It is true that every day, in every walk of life we are learning something new. Something that you didn’t know a day before, but something that you can’t live tomorrow without. Most of it is self-awareness, but the nudge to move towards that zone of being aware, is an external one. Sometimes I think you yourself are your best mentor; but of-course that would be being too full of yourself. So we assign the ‘mentorship’ to a teacher, a coach, a boss, a friend or even an author whose writing played a major role in your belief system. Positive or negative, they all had a role to play in what you are today and I am thankful to them, to say the least.
I remember, till the seventh grade, I disliked mathematics. And then it changed, because I was in love with my new mathematics teacher. She was so warm, kind and witty, that I had to do well in her subject. And at the end of that year, I genuinely started liking those numbers, and went on to become an accountant. Of course, all the Sin-Cos-Tan is now lost on me, but I knew that these numbers can be manipulated and that I could do it.
Few years later, in the first month of my internship, I was assigned to work with a hated big, fat, snobby boss. He asked me to study a particular accounting standard and would grill me at the end of every day about my learnings and no answer seemed to please him. He constantly counter questioned and looked at me with a cultivated look of hopelessness that still scares me. I was 19, had cleared the difficult entrance test in the first go and considered myself at-least an average student. But this guy, within a week, shattered the very base of my belief. Predictably, after about 10 days, I broke down one evening in the office. And then suddenly, he was like this big daddy, trying to console me, explaining how he was “preparing me” for the future. I wanted to punch him in his gut. I didn’t care about those stupid accounting standards, but I knew that this is a corrosive man, I needed no association with him. I almost managed to stay away from him for the rest of my 3 year internship, and hence preserved my sanity. He has damaged a lot of my friends by constantly assuring them that they are no good. Somebody needs to shut him up.
At a deeper level, in a rougher way I realised that some people will try to pull you down. You have to recognise them and run as far away from them as possible, because arguing with them is just not worth it.
But soon after, I took up a job in a private bank and luckily for me, I reported to a sensitive and mature lady, the VP of our audit department. She soon realised, even before I knew it, that I needed freedom and independence to work my best. Those two years, I was at the peak of my performance, firstly because I loved my work and secondly because I could think and audit in a way no-one had before. She subconsciously ingrained out-of-box thinking in me, by making me believe that I could do it. Had it not been for her, I would have been a mediocre clerk in some bank, assuming that I could be only as good as the person besides me.

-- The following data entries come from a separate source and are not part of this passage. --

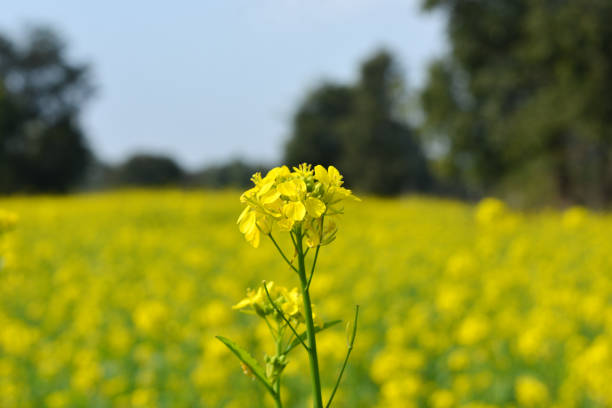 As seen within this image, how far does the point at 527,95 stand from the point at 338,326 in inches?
567

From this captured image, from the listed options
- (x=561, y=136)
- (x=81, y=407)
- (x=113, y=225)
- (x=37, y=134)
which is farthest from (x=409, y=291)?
(x=37, y=134)

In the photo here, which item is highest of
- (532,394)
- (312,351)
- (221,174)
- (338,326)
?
(221,174)

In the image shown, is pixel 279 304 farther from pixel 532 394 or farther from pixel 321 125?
pixel 321 125

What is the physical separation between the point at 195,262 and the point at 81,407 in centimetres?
265

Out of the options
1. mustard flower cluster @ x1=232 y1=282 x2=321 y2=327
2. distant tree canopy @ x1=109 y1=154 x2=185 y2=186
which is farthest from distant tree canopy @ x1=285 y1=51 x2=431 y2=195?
mustard flower cluster @ x1=232 y1=282 x2=321 y2=327

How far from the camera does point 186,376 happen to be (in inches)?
110

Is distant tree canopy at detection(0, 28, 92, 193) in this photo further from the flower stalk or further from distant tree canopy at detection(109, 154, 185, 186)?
the flower stalk

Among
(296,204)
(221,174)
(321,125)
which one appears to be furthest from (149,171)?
(296,204)

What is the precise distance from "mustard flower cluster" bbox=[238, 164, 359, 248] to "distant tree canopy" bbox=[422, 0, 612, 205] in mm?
13655

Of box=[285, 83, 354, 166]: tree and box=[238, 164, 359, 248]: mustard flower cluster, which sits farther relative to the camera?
box=[285, 83, 354, 166]: tree

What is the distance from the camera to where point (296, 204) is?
22.1 inches

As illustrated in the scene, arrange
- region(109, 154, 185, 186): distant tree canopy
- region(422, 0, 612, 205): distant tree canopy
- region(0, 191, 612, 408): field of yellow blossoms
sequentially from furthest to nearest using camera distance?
region(109, 154, 185, 186): distant tree canopy, region(422, 0, 612, 205): distant tree canopy, region(0, 191, 612, 408): field of yellow blossoms

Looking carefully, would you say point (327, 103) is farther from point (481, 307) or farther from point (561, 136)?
point (481, 307)

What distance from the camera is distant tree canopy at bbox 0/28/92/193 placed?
23.1 m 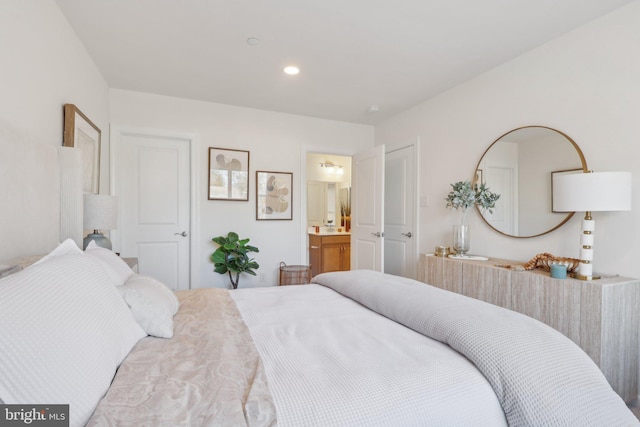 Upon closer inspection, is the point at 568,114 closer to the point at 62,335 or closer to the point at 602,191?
the point at 602,191

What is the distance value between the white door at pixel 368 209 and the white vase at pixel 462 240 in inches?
36.8

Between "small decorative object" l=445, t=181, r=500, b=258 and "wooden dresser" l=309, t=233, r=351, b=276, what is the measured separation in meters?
2.44

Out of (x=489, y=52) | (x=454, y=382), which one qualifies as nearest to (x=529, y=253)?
(x=489, y=52)

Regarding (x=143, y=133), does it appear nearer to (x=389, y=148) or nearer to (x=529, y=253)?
(x=389, y=148)

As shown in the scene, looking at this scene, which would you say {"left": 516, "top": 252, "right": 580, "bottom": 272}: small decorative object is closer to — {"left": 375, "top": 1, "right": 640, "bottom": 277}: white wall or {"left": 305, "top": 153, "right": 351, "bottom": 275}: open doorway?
{"left": 375, "top": 1, "right": 640, "bottom": 277}: white wall

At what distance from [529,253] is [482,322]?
5.86 feet

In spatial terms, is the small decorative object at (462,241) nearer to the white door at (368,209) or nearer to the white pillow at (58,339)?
the white door at (368,209)

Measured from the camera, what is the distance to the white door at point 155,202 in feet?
11.4

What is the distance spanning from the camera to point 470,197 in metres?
2.92

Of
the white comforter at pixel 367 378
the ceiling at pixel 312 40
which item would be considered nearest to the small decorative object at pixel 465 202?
the ceiling at pixel 312 40

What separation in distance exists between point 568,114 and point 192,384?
111 inches

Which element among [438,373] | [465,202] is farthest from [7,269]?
[465,202]

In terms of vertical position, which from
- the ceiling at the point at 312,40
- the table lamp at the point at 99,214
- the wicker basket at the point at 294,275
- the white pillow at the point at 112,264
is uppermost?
the ceiling at the point at 312,40

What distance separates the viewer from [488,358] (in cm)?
100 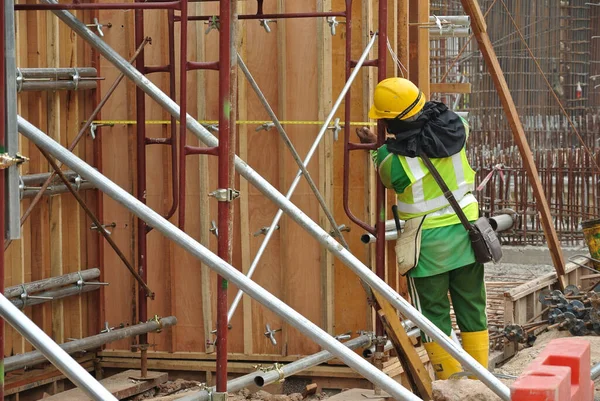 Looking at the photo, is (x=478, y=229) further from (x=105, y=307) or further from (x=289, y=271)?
(x=105, y=307)

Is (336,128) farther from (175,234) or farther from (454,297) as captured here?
(175,234)

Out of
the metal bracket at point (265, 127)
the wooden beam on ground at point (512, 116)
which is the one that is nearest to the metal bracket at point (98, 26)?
the metal bracket at point (265, 127)

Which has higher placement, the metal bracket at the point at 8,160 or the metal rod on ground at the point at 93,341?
the metal bracket at the point at 8,160

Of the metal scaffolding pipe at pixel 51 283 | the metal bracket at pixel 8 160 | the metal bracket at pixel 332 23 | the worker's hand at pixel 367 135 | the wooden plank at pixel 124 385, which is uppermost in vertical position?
the metal bracket at pixel 332 23

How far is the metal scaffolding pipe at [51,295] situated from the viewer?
25.0 ft

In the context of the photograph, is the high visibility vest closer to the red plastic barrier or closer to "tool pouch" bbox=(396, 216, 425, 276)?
"tool pouch" bbox=(396, 216, 425, 276)

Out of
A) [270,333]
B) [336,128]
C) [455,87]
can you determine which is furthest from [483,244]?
[455,87]

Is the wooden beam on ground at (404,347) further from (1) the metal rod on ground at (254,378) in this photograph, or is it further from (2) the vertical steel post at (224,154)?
Answer: (2) the vertical steel post at (224,154)

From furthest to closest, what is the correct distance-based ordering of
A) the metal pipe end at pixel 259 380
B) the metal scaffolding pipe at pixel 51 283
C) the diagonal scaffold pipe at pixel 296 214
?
the metal scaffolding pipe at pixel 51 283
the metal pipe end at pixel 259 380
the diagonal scaffold pipe at pixel 296 214

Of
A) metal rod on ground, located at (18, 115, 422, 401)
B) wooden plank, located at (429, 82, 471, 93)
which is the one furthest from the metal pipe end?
wooden plank, located at (429, 82, 471, 93)

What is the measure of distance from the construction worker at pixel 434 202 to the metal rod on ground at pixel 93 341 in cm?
195

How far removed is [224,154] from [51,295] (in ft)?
10.4

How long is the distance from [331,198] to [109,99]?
76.4 inches

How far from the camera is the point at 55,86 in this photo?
8023 mm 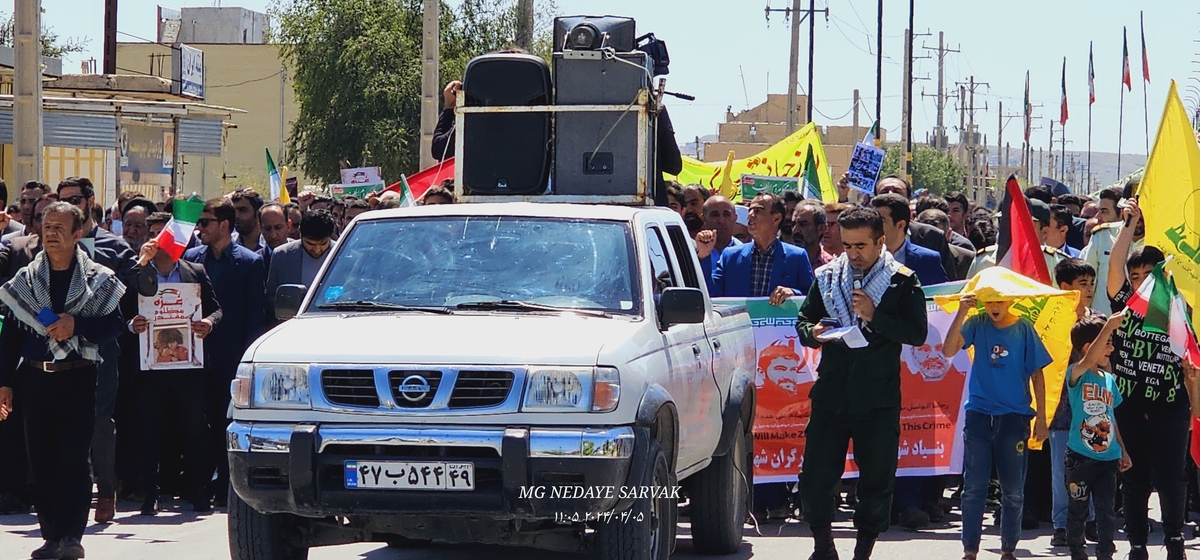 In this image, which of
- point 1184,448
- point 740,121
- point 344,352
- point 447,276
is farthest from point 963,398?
point 740,121

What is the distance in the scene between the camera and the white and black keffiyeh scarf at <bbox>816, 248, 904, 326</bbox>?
7.85 m

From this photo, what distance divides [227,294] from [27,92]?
8009 millimetres

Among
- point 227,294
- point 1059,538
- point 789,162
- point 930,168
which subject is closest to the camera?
point 1059,538

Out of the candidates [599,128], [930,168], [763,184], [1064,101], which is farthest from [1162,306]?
[930,168]

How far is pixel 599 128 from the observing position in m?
11.2

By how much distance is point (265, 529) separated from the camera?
7059mm

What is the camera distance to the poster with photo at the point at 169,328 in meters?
10.3

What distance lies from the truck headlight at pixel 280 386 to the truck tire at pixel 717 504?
265 centimetres

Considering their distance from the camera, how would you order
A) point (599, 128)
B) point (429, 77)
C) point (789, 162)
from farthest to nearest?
point (429, 77) → point (789, 162) → point (599, 128)

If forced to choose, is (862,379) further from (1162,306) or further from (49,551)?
(49,551)

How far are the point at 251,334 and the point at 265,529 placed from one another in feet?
12.9

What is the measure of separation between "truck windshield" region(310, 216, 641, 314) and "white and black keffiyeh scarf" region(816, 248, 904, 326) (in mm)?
1110

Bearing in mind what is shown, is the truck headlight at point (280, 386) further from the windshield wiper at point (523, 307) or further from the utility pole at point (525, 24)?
the utility pole at point (525, 24)

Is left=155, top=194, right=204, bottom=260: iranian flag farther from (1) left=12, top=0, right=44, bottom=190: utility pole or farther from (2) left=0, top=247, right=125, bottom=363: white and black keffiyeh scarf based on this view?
(1) left=12, top=0, right=44, bottom=190: utility pole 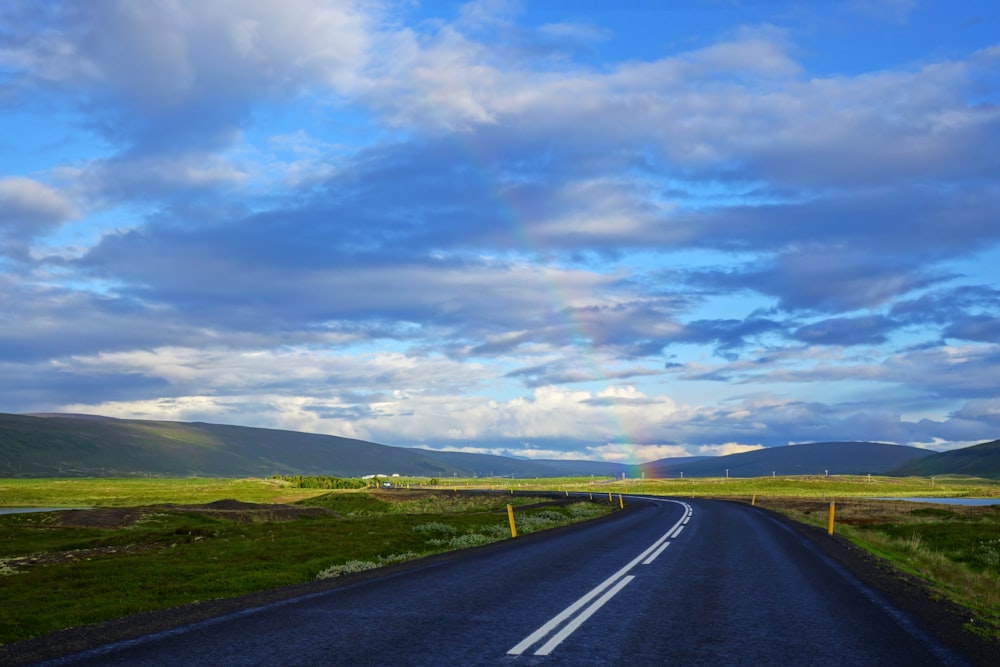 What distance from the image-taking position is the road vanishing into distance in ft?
27.9

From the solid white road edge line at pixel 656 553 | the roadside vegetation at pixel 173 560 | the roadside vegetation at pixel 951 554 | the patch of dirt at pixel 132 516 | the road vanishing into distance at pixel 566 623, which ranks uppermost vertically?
the road vanishing into distance at pixel 566 623

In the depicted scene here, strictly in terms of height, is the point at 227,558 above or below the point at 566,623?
below

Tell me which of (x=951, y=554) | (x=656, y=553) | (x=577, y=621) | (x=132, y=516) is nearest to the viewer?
(x=577, y=621)

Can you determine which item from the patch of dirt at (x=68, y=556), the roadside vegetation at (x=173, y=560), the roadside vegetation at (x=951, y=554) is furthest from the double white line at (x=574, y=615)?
the patch of dirt at (x=68, y=556)

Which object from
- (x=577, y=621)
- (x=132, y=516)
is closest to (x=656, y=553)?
(x=577, y=621)

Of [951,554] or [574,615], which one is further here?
[951,554]

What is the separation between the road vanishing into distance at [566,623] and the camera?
27.9 ft

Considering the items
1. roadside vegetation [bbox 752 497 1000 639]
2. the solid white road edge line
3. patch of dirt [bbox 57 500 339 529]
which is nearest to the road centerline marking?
the solid white road edge line

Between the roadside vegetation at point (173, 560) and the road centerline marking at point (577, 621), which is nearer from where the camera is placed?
the road centerline marking at point (577, 621)

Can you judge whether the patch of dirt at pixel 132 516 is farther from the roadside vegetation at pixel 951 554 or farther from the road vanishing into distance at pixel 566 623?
the road vanishing into distance at pixel 566 623

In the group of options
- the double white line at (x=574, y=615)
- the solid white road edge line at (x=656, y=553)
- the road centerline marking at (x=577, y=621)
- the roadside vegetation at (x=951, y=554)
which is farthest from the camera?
the solid white road edge line at (x=656, y=553)

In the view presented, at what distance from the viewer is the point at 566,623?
1042 centimetres

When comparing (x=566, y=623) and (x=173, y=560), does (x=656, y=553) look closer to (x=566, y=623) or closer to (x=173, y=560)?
(x=566, y=623)

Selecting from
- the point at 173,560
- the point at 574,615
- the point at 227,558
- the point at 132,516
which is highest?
the point at 574,615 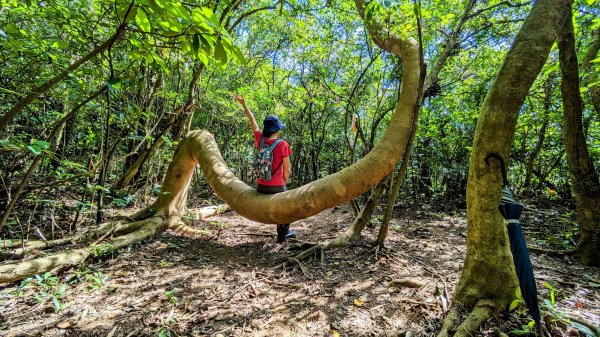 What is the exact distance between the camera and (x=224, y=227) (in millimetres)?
5824

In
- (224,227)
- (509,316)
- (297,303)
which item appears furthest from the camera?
(224,227)

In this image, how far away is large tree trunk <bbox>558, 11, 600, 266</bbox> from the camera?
3.16 meters

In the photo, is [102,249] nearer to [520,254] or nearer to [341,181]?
[341,181]

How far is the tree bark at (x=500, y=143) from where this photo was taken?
2.00 meters

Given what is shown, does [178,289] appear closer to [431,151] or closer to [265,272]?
[265,272]

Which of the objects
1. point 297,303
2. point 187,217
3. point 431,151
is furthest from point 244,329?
point 431,151

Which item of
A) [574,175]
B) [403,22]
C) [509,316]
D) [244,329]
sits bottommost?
[244,329]

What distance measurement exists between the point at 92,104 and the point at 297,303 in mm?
3940

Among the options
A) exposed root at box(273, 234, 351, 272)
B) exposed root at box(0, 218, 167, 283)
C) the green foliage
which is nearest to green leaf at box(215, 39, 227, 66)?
exposed root at box(273, 234, 351, 272)

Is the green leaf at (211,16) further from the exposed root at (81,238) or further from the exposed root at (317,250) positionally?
the exposed root at (81,238)

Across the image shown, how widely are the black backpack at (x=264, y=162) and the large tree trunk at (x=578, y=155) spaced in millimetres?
3776

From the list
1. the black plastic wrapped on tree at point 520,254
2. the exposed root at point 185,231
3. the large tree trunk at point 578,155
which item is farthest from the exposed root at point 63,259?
the large tree trunk at point 578,155

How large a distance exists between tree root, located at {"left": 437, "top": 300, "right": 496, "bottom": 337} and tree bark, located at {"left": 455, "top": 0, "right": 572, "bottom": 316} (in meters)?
0.06

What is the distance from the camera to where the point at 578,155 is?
10.8 feet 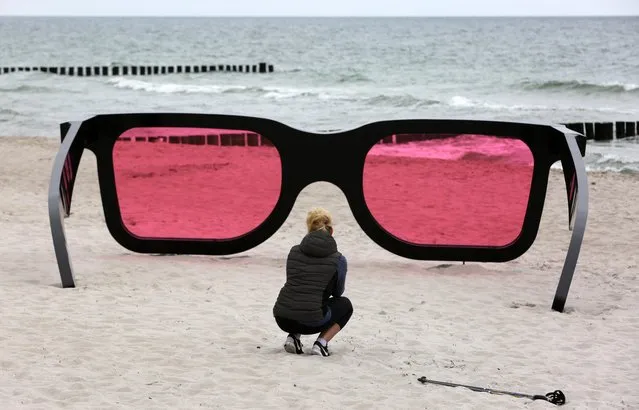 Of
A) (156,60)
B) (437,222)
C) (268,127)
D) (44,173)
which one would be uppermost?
(268,127)

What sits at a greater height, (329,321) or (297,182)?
(297,182)

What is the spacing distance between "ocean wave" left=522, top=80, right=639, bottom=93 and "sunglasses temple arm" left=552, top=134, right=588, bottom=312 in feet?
76.7

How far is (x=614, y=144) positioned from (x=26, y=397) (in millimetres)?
14548

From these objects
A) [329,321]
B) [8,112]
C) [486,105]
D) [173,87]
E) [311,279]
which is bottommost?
[173,87]

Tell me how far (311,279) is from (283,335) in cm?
61

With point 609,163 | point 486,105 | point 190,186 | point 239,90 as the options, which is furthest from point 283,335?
point 239,90

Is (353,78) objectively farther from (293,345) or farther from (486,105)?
(293,345)

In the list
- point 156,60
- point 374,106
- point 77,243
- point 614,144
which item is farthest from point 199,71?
point 77,243

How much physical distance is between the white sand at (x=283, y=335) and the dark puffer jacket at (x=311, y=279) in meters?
0.22

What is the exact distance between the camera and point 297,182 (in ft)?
20.0

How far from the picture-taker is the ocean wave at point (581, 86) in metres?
28.2

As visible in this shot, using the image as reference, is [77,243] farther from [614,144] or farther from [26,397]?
[614,144]

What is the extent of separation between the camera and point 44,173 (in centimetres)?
1115

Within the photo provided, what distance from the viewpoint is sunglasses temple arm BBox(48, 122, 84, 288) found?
5.66m
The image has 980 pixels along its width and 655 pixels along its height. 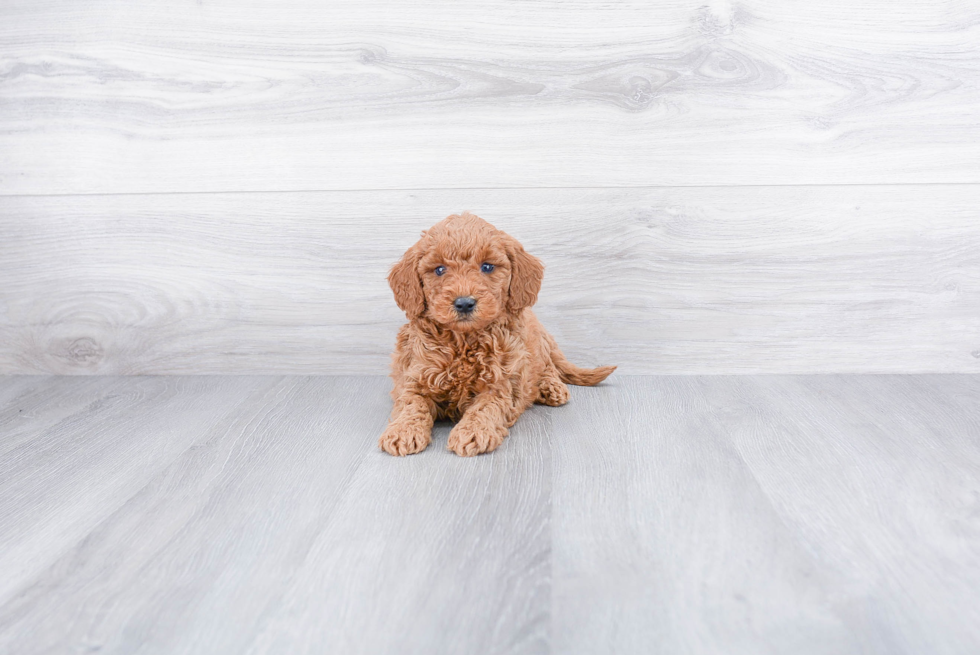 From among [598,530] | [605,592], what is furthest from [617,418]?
[605,592]

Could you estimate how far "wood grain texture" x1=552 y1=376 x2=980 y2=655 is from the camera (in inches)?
37.3

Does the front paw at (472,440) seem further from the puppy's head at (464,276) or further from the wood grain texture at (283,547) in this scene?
the puppy's head at (464,276)

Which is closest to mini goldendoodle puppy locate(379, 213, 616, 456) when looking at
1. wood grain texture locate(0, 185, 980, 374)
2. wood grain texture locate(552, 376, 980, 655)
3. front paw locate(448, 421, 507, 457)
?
front paw locate(448, 421, 507, 457)

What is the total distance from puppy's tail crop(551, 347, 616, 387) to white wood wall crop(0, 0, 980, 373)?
143 mm

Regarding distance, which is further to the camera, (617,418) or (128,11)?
(128,11)

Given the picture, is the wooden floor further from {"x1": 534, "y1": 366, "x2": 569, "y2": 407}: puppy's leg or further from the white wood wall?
the white wood wall

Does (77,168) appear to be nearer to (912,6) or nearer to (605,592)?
(605,592)

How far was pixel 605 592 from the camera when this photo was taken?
3.38ft

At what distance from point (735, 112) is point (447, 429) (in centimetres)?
128

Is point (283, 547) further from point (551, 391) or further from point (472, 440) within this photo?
point (551, 391)

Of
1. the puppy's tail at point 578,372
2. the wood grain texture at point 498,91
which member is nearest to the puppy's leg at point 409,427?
the puppy's tail at point 578,372

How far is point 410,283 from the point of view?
1.65m

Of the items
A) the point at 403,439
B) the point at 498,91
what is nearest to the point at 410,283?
the point at 403,439

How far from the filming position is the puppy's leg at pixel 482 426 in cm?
155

Another very crucial role in my mental set-up has been played by Ayn Rand. Basically it felt as if she was talking to me through her books and telling me (in her own words) -
“Do not let your fire go out, spark by irreplaceable spark in the hopeless swamps of the not-quite, the not-yet, and the not-at-all. Do not let the hero in your soul perish in lonely frustration for the life you deserved and have never been able to reach. The world you desire can be won. It exists.. it is real.. it is possible.. it’s yours.”
Hang on to everyone who tells you that. Because those people are precious. In this dog eat dog world, sometimes all you need is that word of encouragement which will restore your belief in yourself. And yes, the person next to you needs it as much as you do. Go on, tell him that he worked well, tell her that she is right in taking a firm stand, pick up that child and teach him a magic trip, or just help fix that little girl’s broken doll.
It always helps. The ball is now in your court.
Well, the Indian monsoon is almost here, and to cherish the mangoes one last time before they disappear for this season, I made the Mango flan. It is delicate yet robust, smooth but chunky and colorful yet natural.
Presenting : Flan de Mango first brought to my notice by a friend Jasmine Gandhi on CAL
What you will need :
- 1 cup mango puree
- ½ can condensed milk
- 2 tbsp cornflour
- 3 eggs, beaten
- 1 cup milk
What to do:
- Dissolve the corn flour in 2 tbsp milk so that there are no clumps. Then combine it with the rest of the milk, mango puree, condensed milk and eggs.
- Scoop the batter into four-six ramekins or metal molds.
- Pre-heat the oven to 170C.
- Take a large shallow pan and fill it halfway with water. Put it in the oven while it is being preheated.
- Now place the four-six moulds in the pan with the warm water.
- Bake for 40 minutes till the flan is set.
- Let it cool at room temperature before putting in the fridge to cool for 2-3 hours.
- Before serving, release the flan from the sides of the mold with a knife and turn it upside down on a serving plate.
- By placing the molds in a shallow pan filled water, we are essentially creating a water bath. This helps provide moisture while baking, so that the flan does not dry up, but still gets firm.
- While un-molding, if it is unwilling to leave the sides, gently heat the mold on a gas flame before turning upside down.